“Tradire” Berlusconi? Pioggia di smentite dal Pdl: «Sono solo illazioni»

Solo illazioni. Tutte voci su esponenti di spicco del Pdl pronti ad abbandonare la nave sono regolarmente smentite. «Il gruppo Pdl al Senato – spiega Paolo Romano – si è riunito proprio in questi giorni per confermare all’unanimità la propria fiducia, stima e solidarietà al presidente Berlusconi. Qualcuno in questi momenti drammatici ha voluto marcare differenze o immaginare addirittura possibili “tradimenti”. Lo diciamo con chiarezza: non c’è spazio per ribaltoni o scelte diverse da quelle sottoscritte all’atto della candidatura». Il senatore ci tiene a sottolineare che «ogni membro del gruppo ha la sua storia politica. Differenti storie politiche che hanno un unico approdo: Berlusconi, e testimoniano come nessuno sia qui per caso».  Anche Giuseppe Esposito conferma: «C’è chi vuole seminare zizzania.
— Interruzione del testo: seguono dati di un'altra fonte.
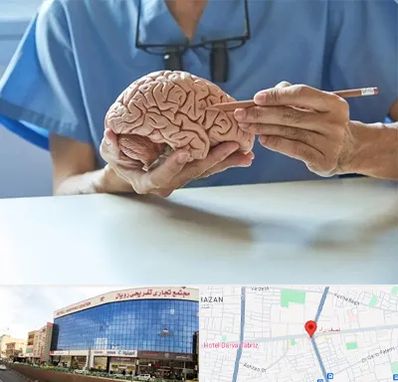 دکتر نورولوژی در نصف راه تبریز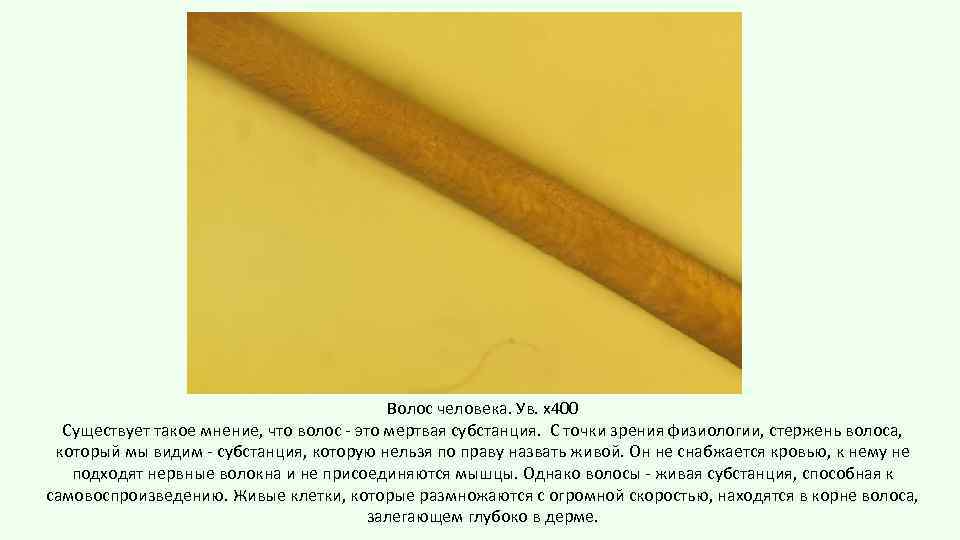 Волос человека. Ув. х400 Существует такое мнение, что волос - это мертвая субстанция. С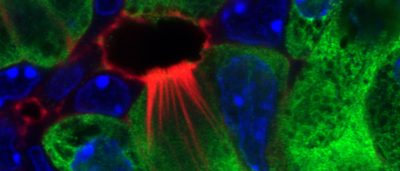 mysterious-tuft-cells-found-to-play-role-in-pancreatitis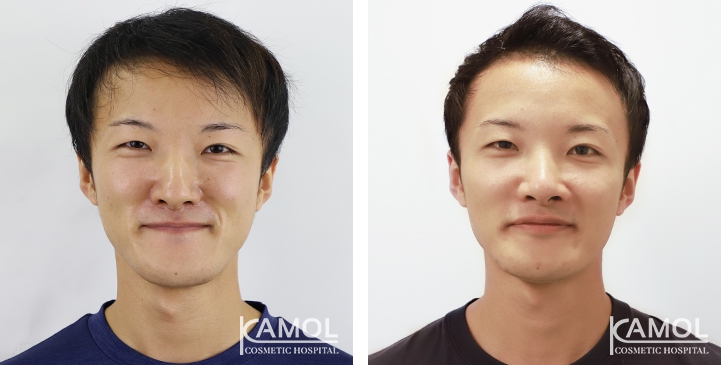 Before and After 1 month of Lower Mandibular Osteotomy, Corrective Jaw Surgery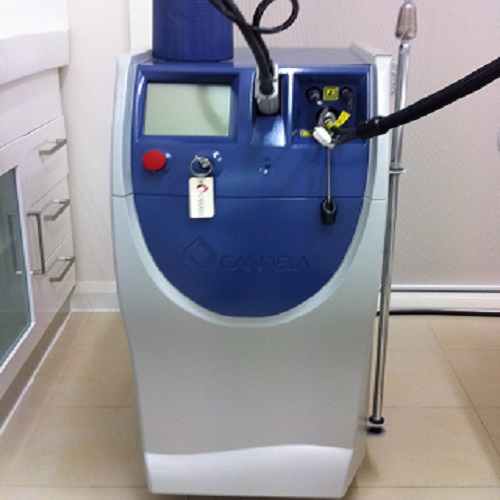 Candela Mini GentleLase Laser
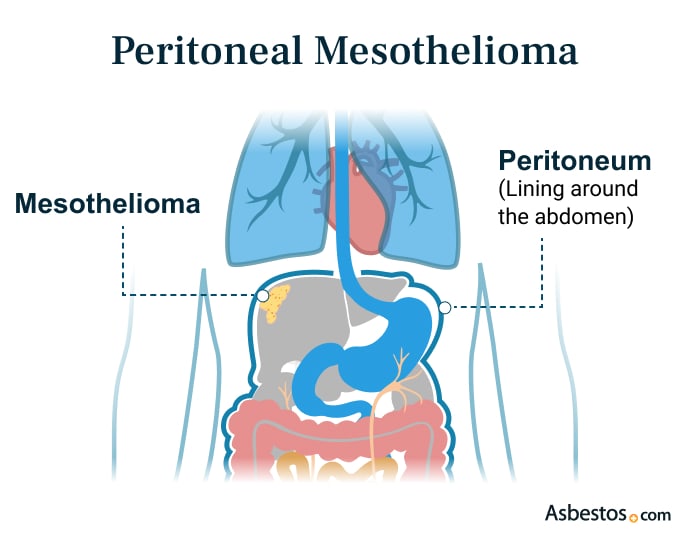 Peritoneal Mesothelioma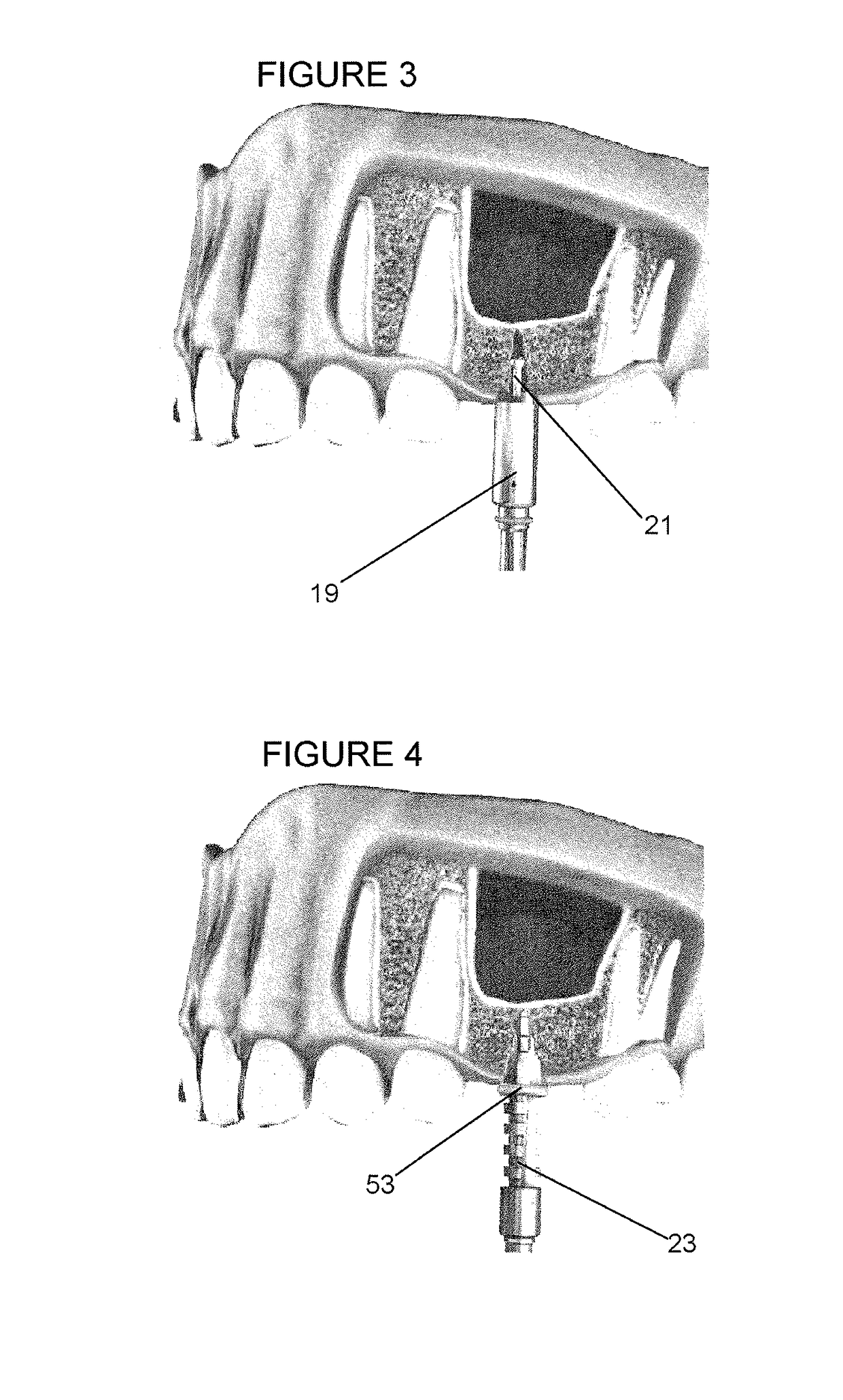 Sinus lift procedure and sidecutting drill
Nulla di più falso». Infastidito dalle notizie che lo tirano in ballo, Ciro Falanga precisa: «Sono ormai stanco delle continue illazioni che la stampa nazionale, giorno dopo giorno, continua a riportare sul mio conto, ipotizzando, anzi, dando per certo, un mio passaggio ai transfughi ai “volontari” del Letta-bis. Voglio ribadire che sono e resto nel Pdl di Silvio Berlusconi». E sulla stessa linea anche Nitto Palma: «Personalmente considero la cosa offensiva per l’intera dirigenza campana. E, se per caso, in futuro dovesse verificarsi qualche episodio di italico trasformismo, sono certo che tra gli eventuali transfughi non figureranno i dirigenti campani. Chi vivrà vedrà. Agli amici senatori campani allegati a sospetto ribadisco la solidarietà già loro singolarmente espressa in privato». Caustici Pietro Langella e Vincenzo D’Anna: «Basta con le illazioni, basta gettare fango sul centrodestra». Riccardo Villari dal canto suo sottolinea: «Talvolta, per fortuna non sempre, leggo di me tra quelli eventualmente disponibili a sostenere esecutivi diversi dall’attuale in difformità dalla linea adottata dal Pdl. In politica si dice che smentire equivale a ribadire una notizia ma io ho deciso di correre ugualmente il rischio: sostengo la linea del presidente Berlusconi e lavoro per contribuire alla compattezza del gruppo Pdl al Senato».